BIENAVENTURADOS LOS QUE LLORAN, PORQUE ELLOS SERÁN CONSOLADOS



Henos aquí ante otra bienaventuranza desconcertante. 
Sobre todo en la formulación más tajante de Lucas: Bienaventurados los que ahora lloráis, porque reiréis. ¿Estamos aquí ante una condenación de la alegría y una canonización de la tristeza? ¿Es que el llorar será bienaventuranza y toda risa es maldita? ¿Sólo entre lágrimas podrá el hombre caminar hacia Dios?
Evidentemente no se trata aquí de cualquier tipo de lágrimas. Y la clarificación la tenemos a todo lo ancho del antiguo y del nuevo testamento.
Ya en el antiguo teníamos preanunciada esta bienaventuranza. Me volví —dice el Eclesiástico y vi las violencias que se hacen debajo del sol y las lágrimas de los oprimidos sin tener quién los consuele (4, 1). Pero esta tristeza y llanto se convertirán en gozo bajo la mano de Dios: Los que sembraron en llanto —dice el salmo— cosechen en júbilo (126, 5). Y será Isaías el gran profeta del llanto y del consuelo, porque el tiempo de la cautividad de Babilonia es el tiempo de las lágrimas. Por eso Isaías anuncia como la gran misión del Mesías la de ser el consolador universal. Vendrá —dice-- para consolar a los tristes y dar a los afligidos de Sión, en vez de ceniza, una corona (61, 3).
Estos son los que Cristo proclama bienaventurados: los que son conscientes de que viven en el destierro, los que tienen llanto en el alma, los que experimentan que están lejos de Dios y de la patria prometida, los que sufren en su carne por estar sometidos a la tiranía del pecado, del propio y de los demás. Son los que sufren porque saben que«el amor no es amado», los que sienten el vacío de las cosas y no se enredan en ellas con «la risa del necio, que es como el chisporrotear del fuego bajo la caldera» (Ecl 7, 6).

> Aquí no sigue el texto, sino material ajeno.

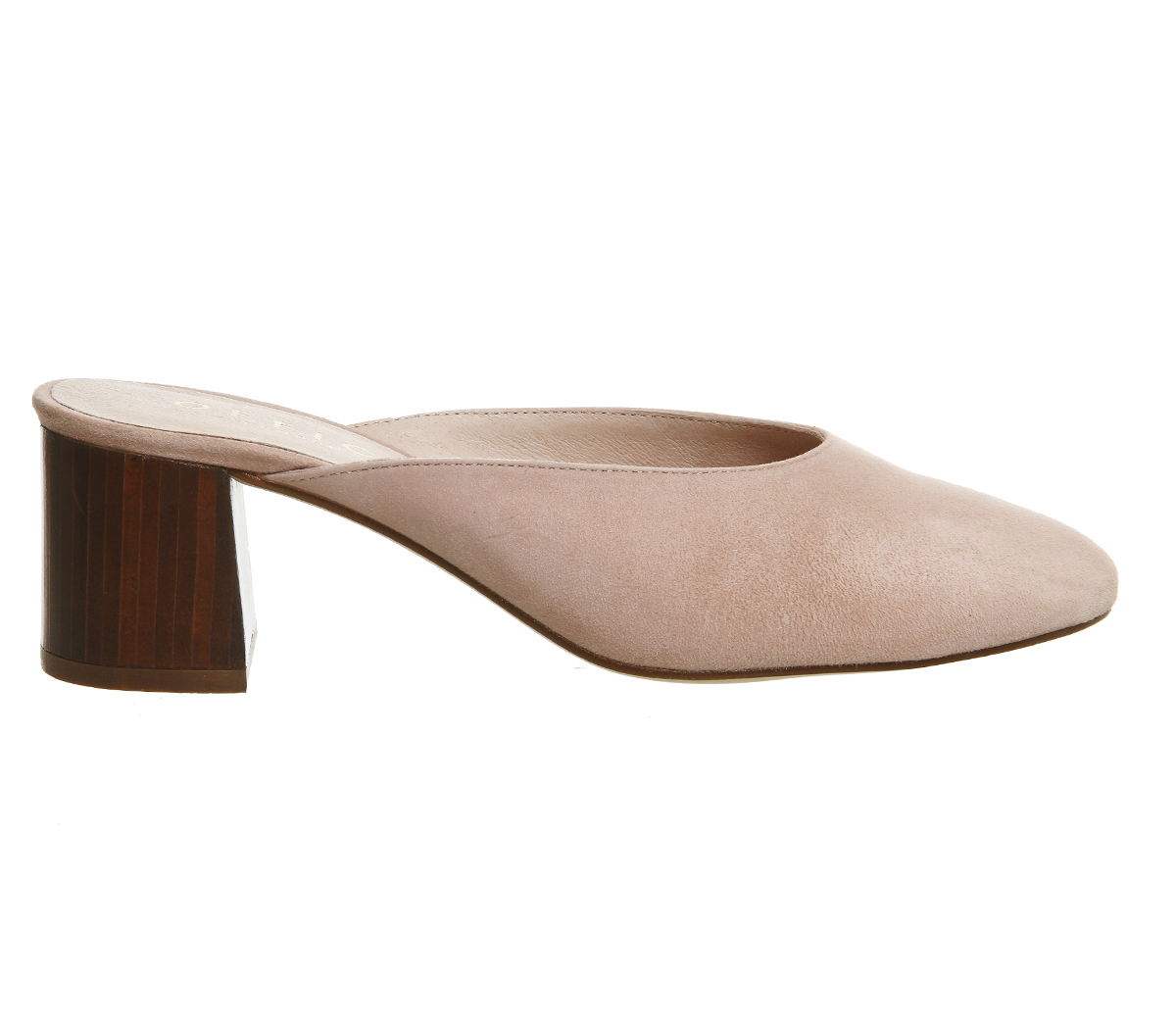 OFFICEFleeting Closed Toe MulesPink Suede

A todos estos trae Jesús el consuelo y promete bienaventuranza: «En verdad, en verdad os digo que lloraréis y os lamentaréis y el mundose alegrará; vosotros os entristeceréis, pero vuestra tristeza se convertirá en gozo» (Jn 16, 20).
Esta bienaventuranza comenzará a cumplirse ya aquí en la esperanza, pero sólo tendrá realidad plena al otro lado, en la nueva Jerusalén. En ella Dios será con ellos y enjugará las lágrimas de sus ojos y la muerte no existirá más, ni habrá duelo, ni gritos, ni trabajos, porque todo eso es ya pasado (Ap 21, 3-4).
No se anuncia pues la bienaventuranza a los que lloran por envidia de lo que no han podido conseguir, por rabia de su fracaso, por cobardía o mimos infantiloides. No se elogia aquí a los pesimistas, ni a los morbosos que gozan revolcándose en sus propias heridas.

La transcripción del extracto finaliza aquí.